Consumers are already sending tons of signals to businesses. For example, people are clearly way more invested in this year’s divisive American presidential candidates than any other characters.  While Halloween trends may not be the most useful vision in your crystal ball, you don’t have to hire a psychic to be prepared for the holidays.

Following an analysis done by Business News Daily, here are 3 trends to jump on if you want to drive sales during the Holiday Marketing Season:

Optimize Your Website

A slow website will frustrate customers more than standing in line at the DMV. To make sure you retain customers, keep your website checkups regular, tighten up your content, and make sure your loading time stays under 3 seconds. After that fatal “3 … 2… 1” countdown, an unloaded website will be abandoned by customers.

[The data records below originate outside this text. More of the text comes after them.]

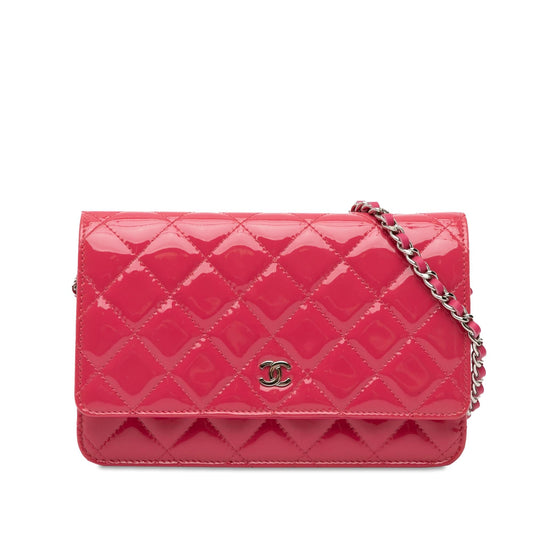 Chanel Classic Patent Wallet On Chain (SHG-A2wDHs) Crossbody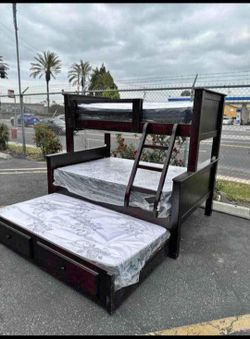 Bunk Beds / Literas Twin Full Full Madera 100% Pinewood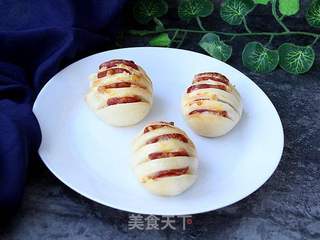香烤风琴馒头的做法步骤:7
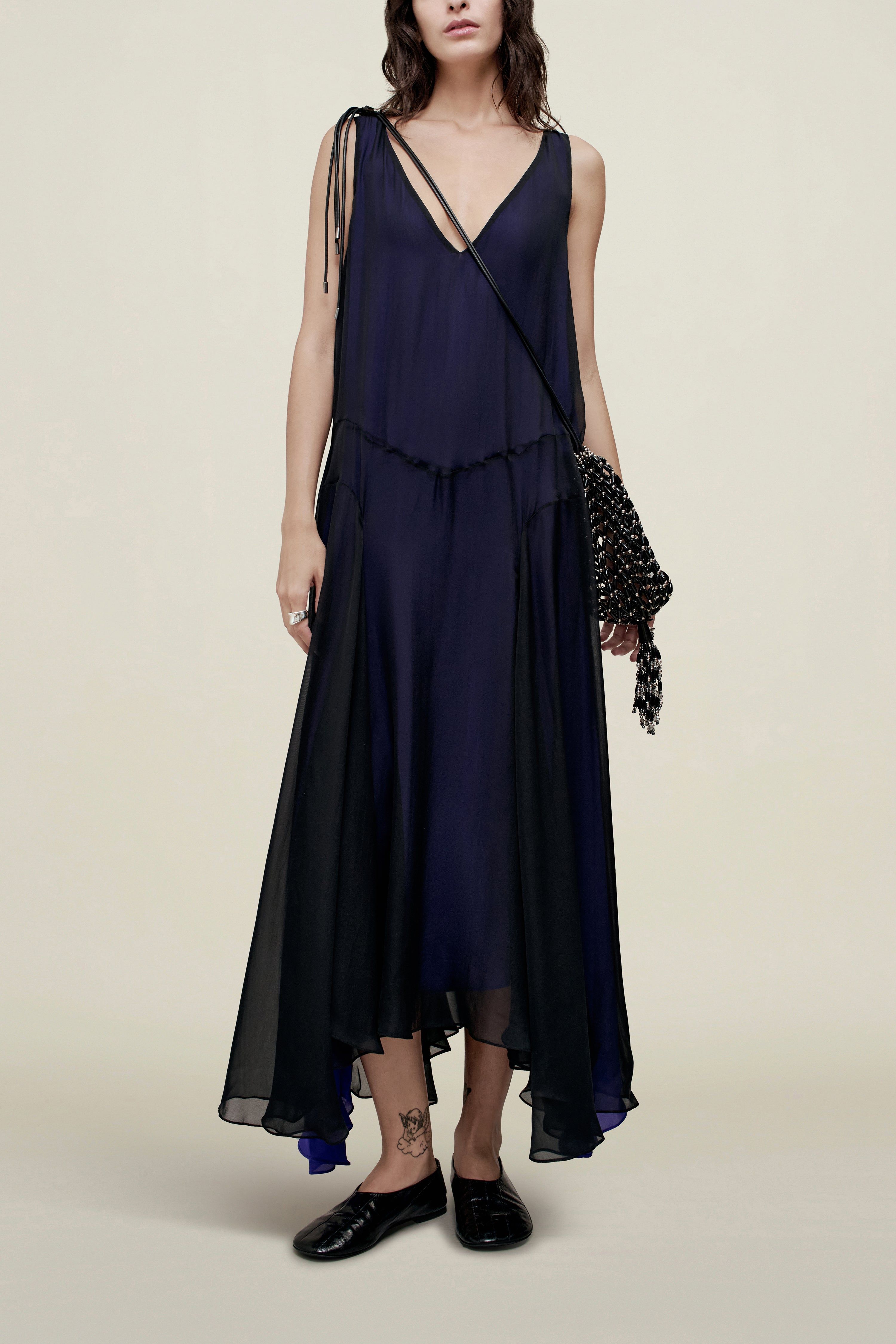 Millie Gusset Dress in Trapped Silk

Additionally, it is critical that your website is mobile-optimized. As reported by Business News Daily, retail sales on smartphones have almost doubled each year. If you want to stay current, except your website to be viewed on mobile and adjust accordingly, or your site will be swept away to the depths of the internet.

Use Marketing Segmentation

Don’t make the mistake of grouping all your customers together. Some are going to be gung-ho for all the holiday activities from the get-go – others will be your dependable procrastinators. Take advantage of these different groups!

Craft your digital messaging to appeal to individual groups to hit that extra chord. As the authors of the SteelHouse report pointed out:

“Marketing is a science … [and] there’s no reason to guess,” the report’s authors wrote. “We’re often surprised at the combination that performs the best when we run our own advertising.”

Utilize Native Advertising

Sometimes going with the flow has its benefits:

Native-advertising campaigns look and feel more natural because they mimic the format of the platform on which they appear. For instance, sites like BuzzFeed publish posts sponsored by brands that read like their standard articles. Jamie Tedford, founder and CEO of Brand Networks, said native advertising will be the trend in social media and content marketing for brands this holiday season.

If you know what your audience likes, use that to your advantage. If it isn’t broken, there is no need to fix it.

Regardless, the holidays provide tons of opportunities for marketers to grab their audience’s attention. Keep your website loading time fast, know your audience’s subgroups, and appeal to them based on what they like. If you start planning and acting before the chaos of late November, you will have a much higher chance of surviving the holiday madness.